__EXERCISE DETAILS__
Once you find the line containing "Geometric Drop Earrings", output it and every line after it to the end of the records, exactly.

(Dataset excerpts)
########

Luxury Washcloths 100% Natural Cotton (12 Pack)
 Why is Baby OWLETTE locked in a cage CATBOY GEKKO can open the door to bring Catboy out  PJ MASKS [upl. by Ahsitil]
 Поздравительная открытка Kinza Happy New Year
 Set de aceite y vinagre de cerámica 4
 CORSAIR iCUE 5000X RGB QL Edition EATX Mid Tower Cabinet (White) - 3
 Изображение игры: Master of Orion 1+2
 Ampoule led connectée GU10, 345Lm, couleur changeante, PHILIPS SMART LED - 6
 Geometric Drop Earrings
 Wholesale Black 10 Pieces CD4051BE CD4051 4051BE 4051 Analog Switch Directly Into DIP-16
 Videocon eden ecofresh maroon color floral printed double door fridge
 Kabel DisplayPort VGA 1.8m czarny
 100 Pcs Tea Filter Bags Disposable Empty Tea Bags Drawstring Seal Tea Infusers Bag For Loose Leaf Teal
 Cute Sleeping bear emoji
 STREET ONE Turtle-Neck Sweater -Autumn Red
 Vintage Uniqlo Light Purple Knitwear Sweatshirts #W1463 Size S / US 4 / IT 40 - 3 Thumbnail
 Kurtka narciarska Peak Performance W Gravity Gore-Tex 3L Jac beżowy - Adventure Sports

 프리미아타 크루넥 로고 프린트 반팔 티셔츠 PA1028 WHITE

########

__TASK SOLUTION__
 Geometric Drop Earrings
 Wholesale Black 10 Pieces CD4051BE CD4051 4051BE 4051 Analog Switch Directly Into DIP-16
 Videocon eden ecofresh maroon color floral printed double door fridge
 Kabel DisplayPort VGA 1.8m czarny
 100 Pcs Tea Filter Bags Disposable Empty Tea Bags Drawstring Seal Tea Infusers Bag For Loose Leaf Teal
 Cute Sleeping bear emoji
 STREET ONE Turtle-Neck Sweater -Autumn Red
 Vintage Uniqlo Light Purple Knitwear Sweatshirts #W1463 Size S / US 4 / IT 40 - 3 Thumbnail
 Kurtka narciarska Peak Performance W Gravity Gore-Tex 3L Jac beżowy - Adventure Sports

 프리미아타 크루넥 로고 프린트 반팔 티셔츠 PA1028 WHITE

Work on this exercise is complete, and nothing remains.